One Society is the new kid on the block with a sense of where the block actually is. Food grounds this cafe in a place and connects it to places further afield

Brisket is the cut of beef from the lower chest of the animal. It’s full of connective tissue that needs to be cooked low and slow to tenderise it. Here it’s forked into threads finished with its own cooking juices stirred through it and the tiniest hint of spice. The yolk of a soft poached egg with a dash of chilli seasoning on top adds another depth of flavour to it all. And there’s organic spinach and kale cooked into a tasty tangle and topped with toasted cashews. Cherry tomatoes have been roasted and are presented on the plate still attached to the crispy remains of the vine on which they were grown. The only let down is some broccoli which has gone over to the watery side.

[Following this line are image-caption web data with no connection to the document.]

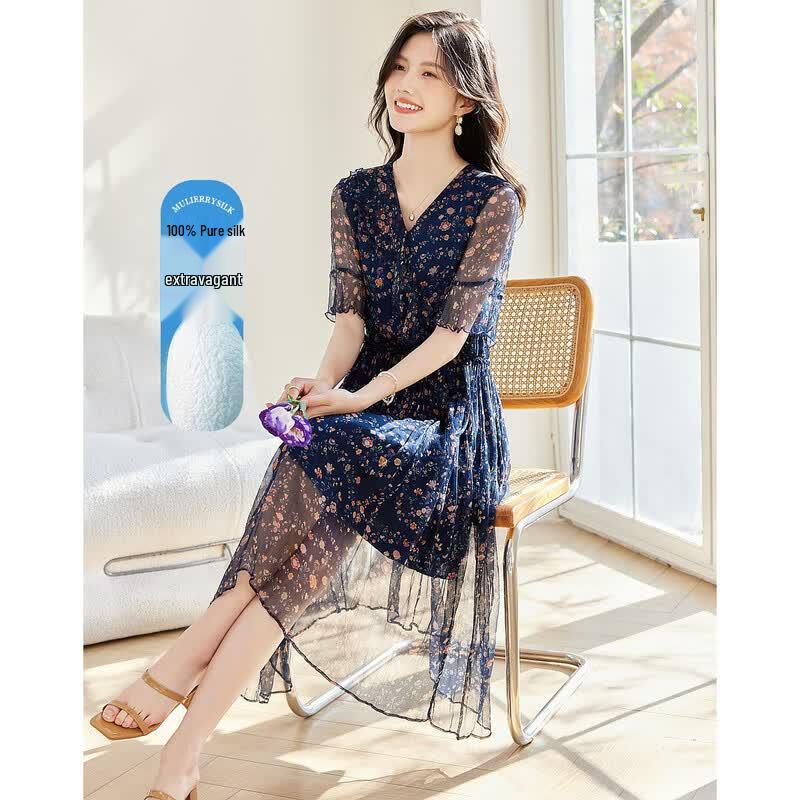 Mulberry Silk Floral V-Neck Ruffle Sleeve Midi Dress M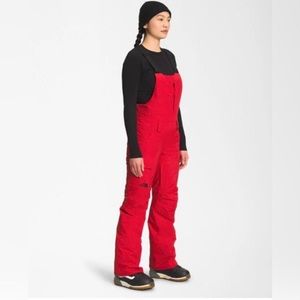 NEW The North Face Red Freedom Insulated Bibs Women’s Size Small 2023-12b3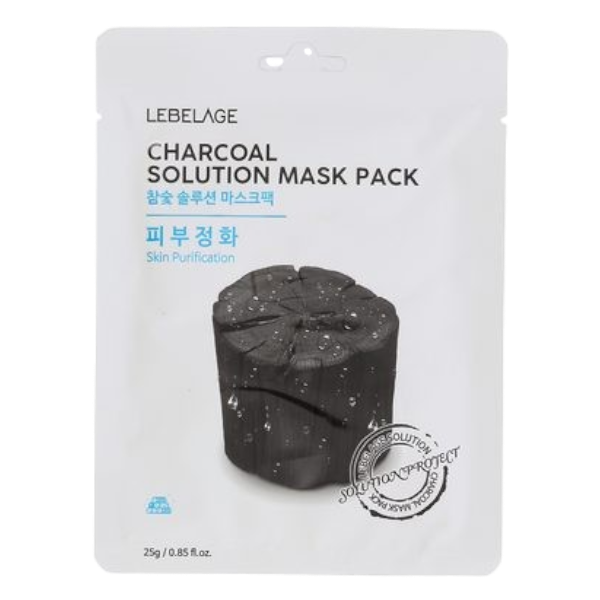 LEBELAGE. ТКАНЕВАЯ МАСКА ДЛЯ ЛИЦА CHARCOAL CHARCOAL SOLUTION MASK PACK, 25 г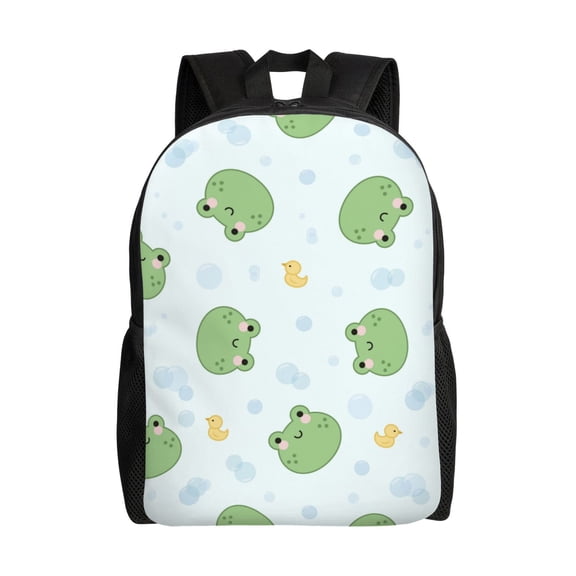 Fuzoiu Kawaii Frogs Print Laptop Backpack,Work Business Backpacks, Large Capacity Nurse Bag College Bookbag for School, Waterproof Casual Daypack for Travel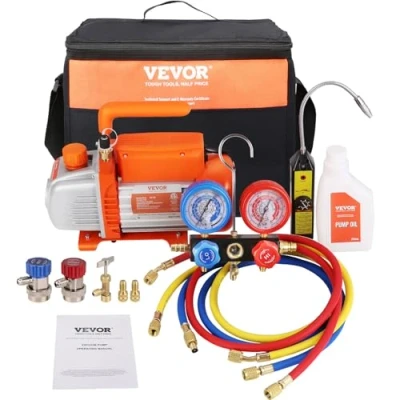 Abbildung von VEVOR 1/4 HP HVAC Vakuumpumpe Manometer Set 4 CFM Unterdruckpumpe mit Schlauch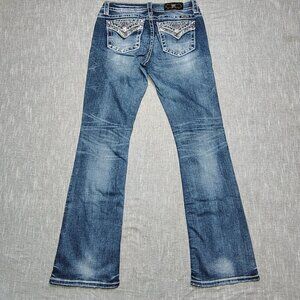 Miss Me Jeans Womens Size 29 Blue Chloe Boot Metallic Stitch Embellished M3327B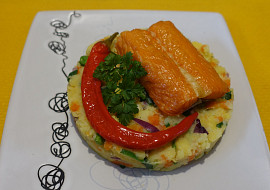 Šťouchané brambory s uzeným lososem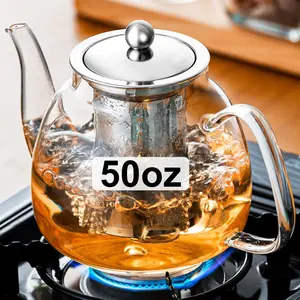 Glass Teapot Stovetop 50 OZ/1500ml,  pot with Removable 18/8 Stainless Steel Infuser, Borosilicate Clear  Kettle, Teapot Blooming and Loose Leaf  Maker  Brewer for Camping, TravelEverlanelnspired17AAGlowHub30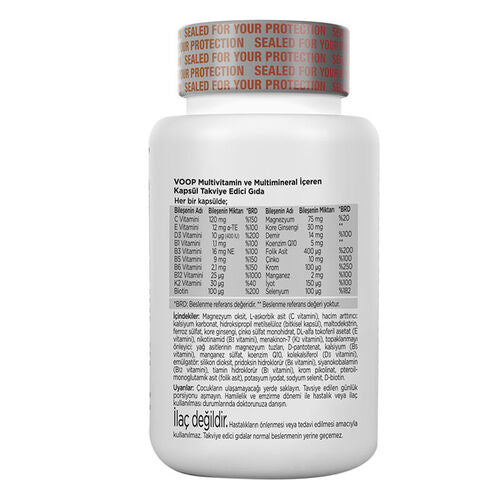 Voop Multivitamin ve Multimineral İçeren Takviye Edici Gıda 30 Kapsül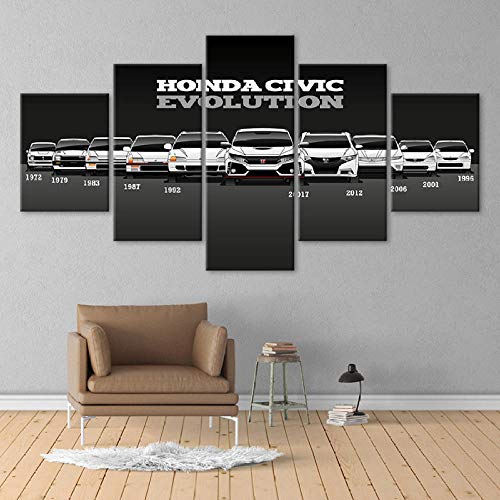 yuanjun 3D Leinwanddrucke,Modulare Wandkunst Wandaufkleber,5 Teiliges Wandbild,Größe 150 X 80 cm Leinwandbild, Wandbilder XXL Retro Honda Civic Autolackierung von yuanjun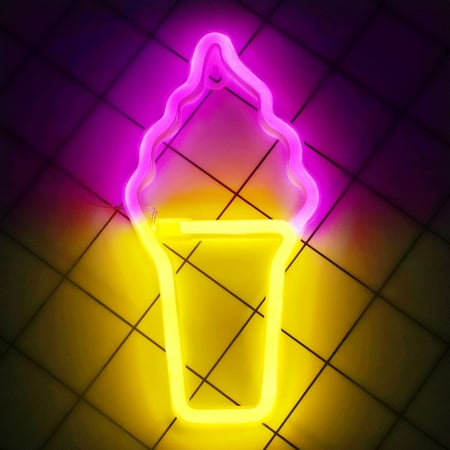 

Ice Cream Neon Signs Wall Decor LED Neon Lights for Wall Decor Battery/USB Operated Night Lamp for Home Wedding Christmas Bedroom Decor (Pink and Warm White)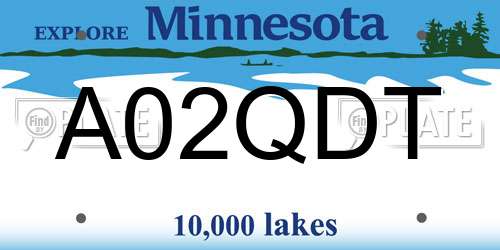 A02QDT Minnesota License Plate
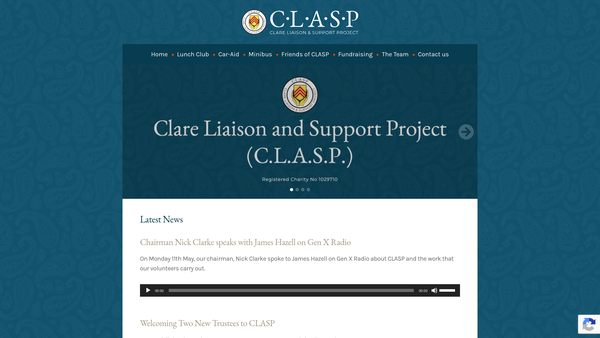 Screenshot of the Clare Liaison And Support Project website
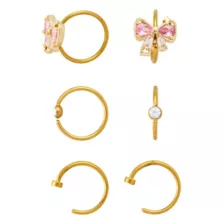 Multi-Pack CZ Coquette Pink Bows Noserings 6 Pack - 20 Gauge at Spencer's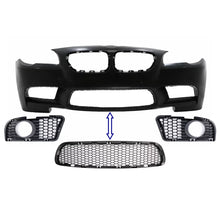 Carica l'immagine nel visualizzatore di Gallery, Pack Paraurti anteriore inferiore centrale e laterale griglia per BMW Serie 5 F10 F11 (2009-2014) solo per M5 paraurti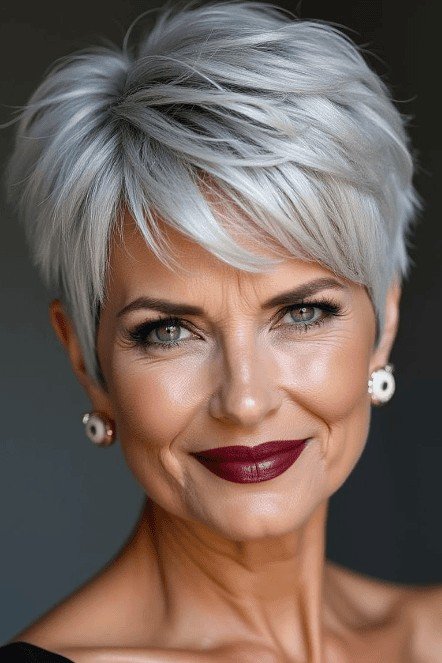 Textured Pixie Cut with Soft Side-Swept Bangs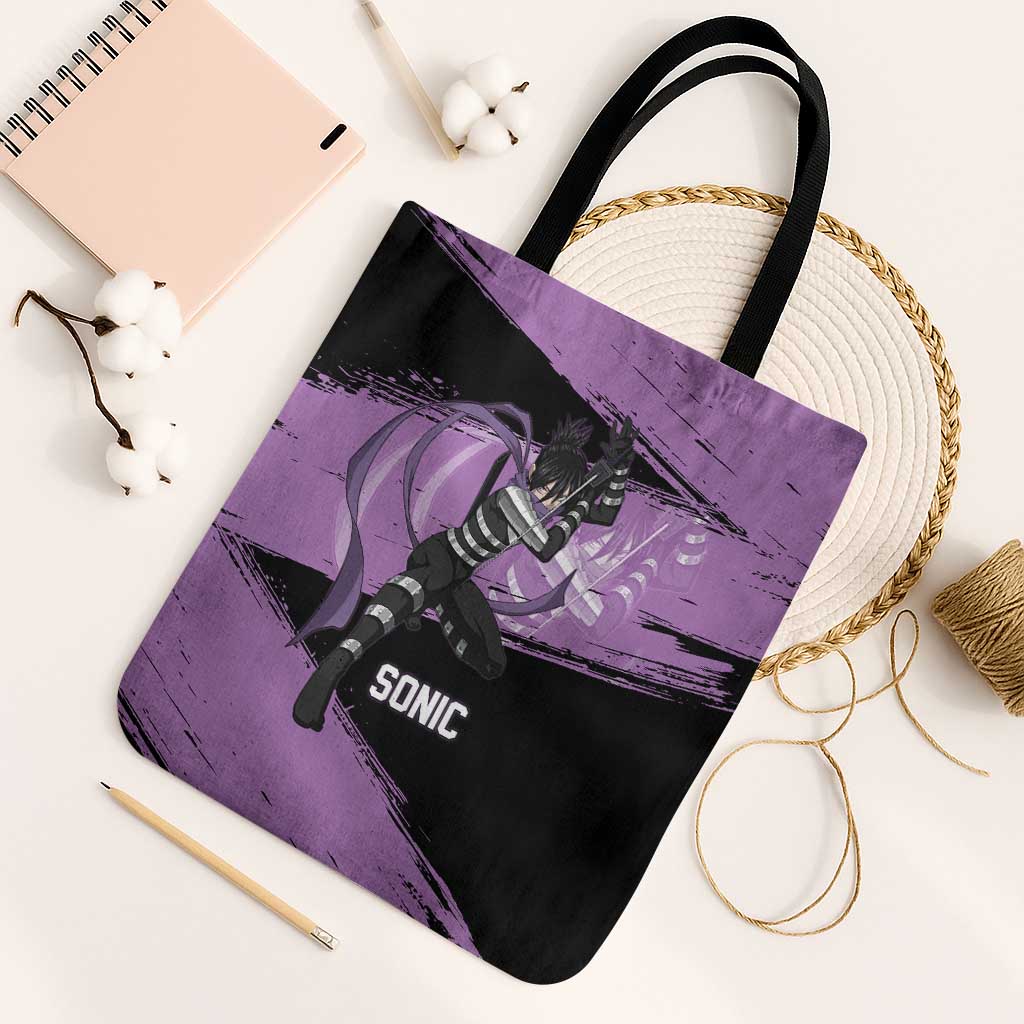 Sonic One Punch Man Anime Purple and Black Theme Tote Bag with Stealth Pose and High-Speed Ninja Design - The Mazicc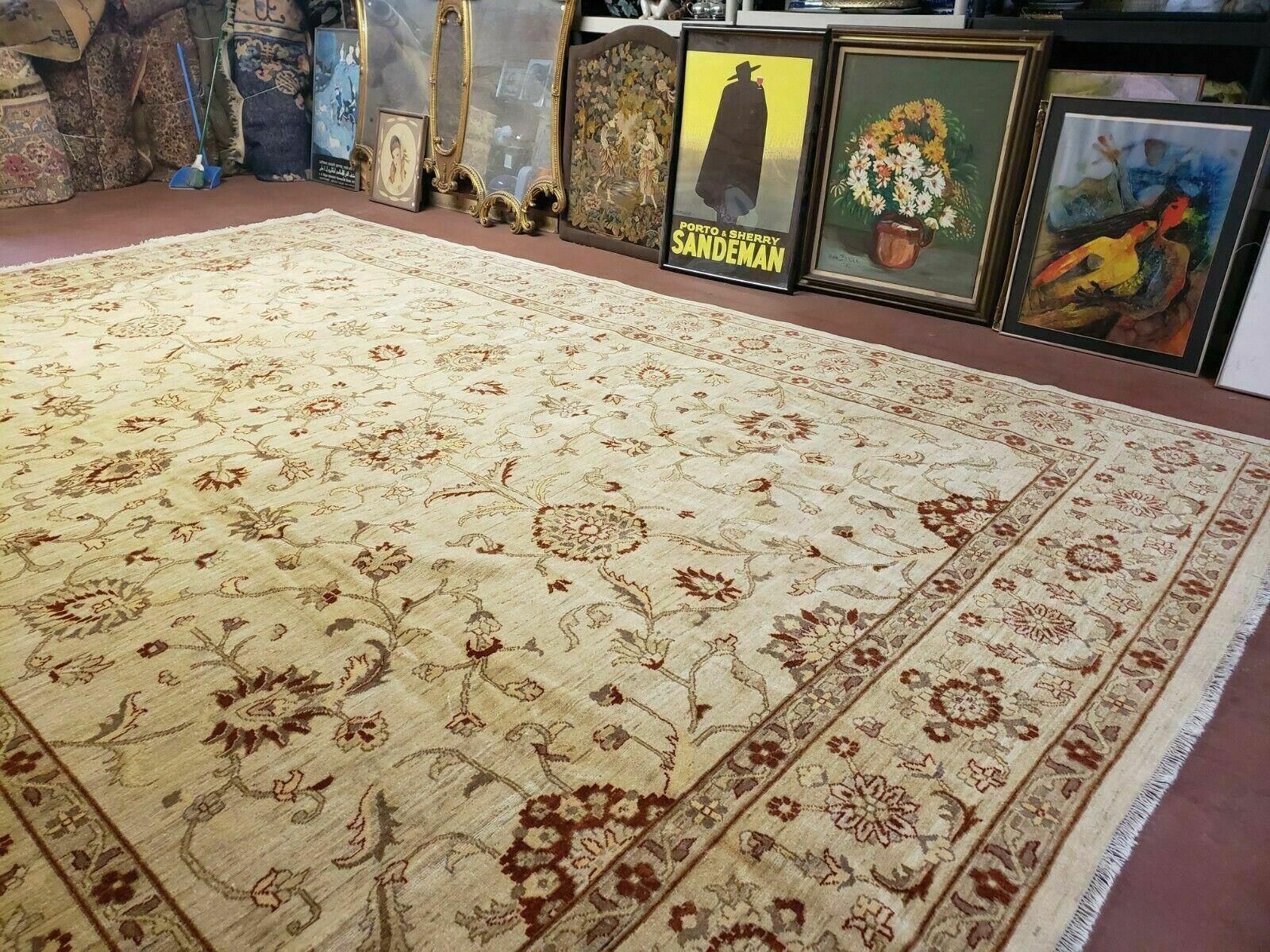 Oushak Rug 10x14 Neutral Colors Handmade Peshawar Wool Carpet Oatmeal Beige - Nuvé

The “not so classic Irish breakfast” is not something you could eat every day unless your job involved the hewing of rock and carrying of hods. Good sausages are teamed with Rick Higgins smoked black pudding – another kind of idea so good you wonder why no one else thought of it first. There are two fried eggs and a puddle of “caramelized green apples” which is just apple sauce but still good. There are “homemade Mexican spiced beans” to round it all off and more of those roasted cherry tomatoes and mushrooms. All of it comes with springy Le Levain sourdough on the side, just to round it out with some classy carbs. My friend says it’s probably as good a breakfast as he’s ever had.

We finish with the house-made brownie and the mixed-berry crumble that William is upfront enough to say is “bought in”. The brownie is gluten free and pleasantly chewy. The crumble is good too and coffees are excellent.

One Society is a heartening cafe. The owner is coming from a career in sales, his sister tells me when I phone a few days later. That explains the different feel to this operation. It’s the new kid on the block with a sense of where the block actually is. Food grounds this cafe in a place and connects it to places further afield. The result is a simple lunch, like carvery without the snooze button. It is hope for a future which might not be as generic as the developments that surround it.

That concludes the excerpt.